» ASSIGNMENT
Please copy exactly the lines that run from the start of the entries to the line containing "manhuaverse manhwa comic", inclusive.

(Records from a data collection)
******************************
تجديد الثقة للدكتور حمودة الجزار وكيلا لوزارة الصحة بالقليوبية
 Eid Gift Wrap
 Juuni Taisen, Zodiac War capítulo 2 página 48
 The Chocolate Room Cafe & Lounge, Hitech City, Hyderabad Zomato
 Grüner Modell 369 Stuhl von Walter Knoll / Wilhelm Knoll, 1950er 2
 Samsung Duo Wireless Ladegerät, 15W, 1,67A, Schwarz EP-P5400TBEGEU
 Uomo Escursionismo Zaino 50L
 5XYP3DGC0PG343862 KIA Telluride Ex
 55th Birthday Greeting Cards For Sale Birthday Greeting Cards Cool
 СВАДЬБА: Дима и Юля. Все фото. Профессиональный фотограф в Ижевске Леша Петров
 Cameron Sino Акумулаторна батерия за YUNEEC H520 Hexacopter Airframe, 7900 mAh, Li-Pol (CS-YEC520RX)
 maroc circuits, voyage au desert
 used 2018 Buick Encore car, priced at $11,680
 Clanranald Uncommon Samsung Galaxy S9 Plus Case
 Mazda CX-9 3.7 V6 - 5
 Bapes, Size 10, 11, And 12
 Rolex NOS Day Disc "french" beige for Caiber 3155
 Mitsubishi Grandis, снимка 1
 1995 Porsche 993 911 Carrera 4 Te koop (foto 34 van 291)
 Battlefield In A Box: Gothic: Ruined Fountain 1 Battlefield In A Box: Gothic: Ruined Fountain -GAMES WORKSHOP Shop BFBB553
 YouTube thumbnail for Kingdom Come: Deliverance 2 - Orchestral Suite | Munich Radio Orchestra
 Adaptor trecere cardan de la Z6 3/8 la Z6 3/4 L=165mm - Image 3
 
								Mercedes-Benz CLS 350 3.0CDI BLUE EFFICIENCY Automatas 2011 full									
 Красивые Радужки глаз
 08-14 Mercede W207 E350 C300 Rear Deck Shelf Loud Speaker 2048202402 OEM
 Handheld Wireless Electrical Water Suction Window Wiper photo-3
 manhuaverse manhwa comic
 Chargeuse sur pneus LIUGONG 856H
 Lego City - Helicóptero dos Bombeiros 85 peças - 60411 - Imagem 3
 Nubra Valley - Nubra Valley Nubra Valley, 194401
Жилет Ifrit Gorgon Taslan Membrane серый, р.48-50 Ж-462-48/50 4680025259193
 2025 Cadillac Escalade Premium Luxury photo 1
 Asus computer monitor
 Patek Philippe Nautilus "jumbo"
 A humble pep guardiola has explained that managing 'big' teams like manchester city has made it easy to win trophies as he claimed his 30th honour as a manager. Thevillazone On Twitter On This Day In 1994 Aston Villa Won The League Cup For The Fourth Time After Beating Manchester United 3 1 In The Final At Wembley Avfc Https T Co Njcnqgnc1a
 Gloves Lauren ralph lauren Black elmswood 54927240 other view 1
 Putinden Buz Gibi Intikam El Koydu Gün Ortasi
******************************
» ANSWER SECTION
تجديد الثقة للدكتور حمودة الجزار وكيلا لوزارة الصحة بالقليوبية
 Eid Gift Wrap
 Juuni Taisen, Zodiac War capítulo 2 página 48
 The Chocolate Room Cafe & Lounge, Hitech City, Hyderabad Zomato
 Grüner Modell 369 Stuhl von Walter Knoll / Wilhelm Knoll, 1950er 2
 Samsung Duo Wireless Ladegerät, 15W, 1,67A, Schwarz EP-P5400TBEGEU
 Uomo Escursionismo Zaino 50L
 5XYP3DGC0PG343862 KIA Telluride Ex
 55th Birthday Greeting Cards For Sale Birthday Greeting Cards Cool
 СВАДЬБА: Дима и Юля. Все фото. Профессиональный фотограф в Ижевске Леша Петров
 Cameron Sino Акумулаторна батерия за YUNEEC H520 Hexacopter Airframe, 7900 mAh, Li-Pol (CS-YEC520RX)
 maroc circuits, voyage au desert
 used 2018 Buick Encore car, priced at $11,680
 Clanranald Uncommon Samsung Galaxy S9 Plus Case
 Mazda CX-9 3.7 V6 - 5
 Bapes, Size 10, 11, And 12
 Rolex NOS Day Disc "french" beige for Caiber 3155
 Mitsubishi Grandis, снимка 1
 1995 Porsche 993 911 Carrera 4 Te koop (foto 34 van 291)
 Battlefield In A Box: Gothic: Ruined Fountain 1 Battlefield In A Box: Gothic: Ruined Fountain -GAMES WORKSHOP Shop BFBB553
 YouTube thumbnail for Kingdom Come: Deliverance 2 - Orchestral Suite | Munich Radio Orchestra
 Adaptor trecere cardan de la Z6 3/8 la Z6 3/4 L=165mm - Image 3
 
								Mercedes-Benz CLS 350 3.0CDI BLUE EFFICIENCY Automatas 2011 full									
 Красивые Радужки глаз
 08-14 Mercede W207 E350 C300 Rear Deck Shelf Loud Speaker 2048202402 OEM
 Handheld Wireless Electrical Water Suction Window Wiper photo-3
 manhuaverse manhwa comic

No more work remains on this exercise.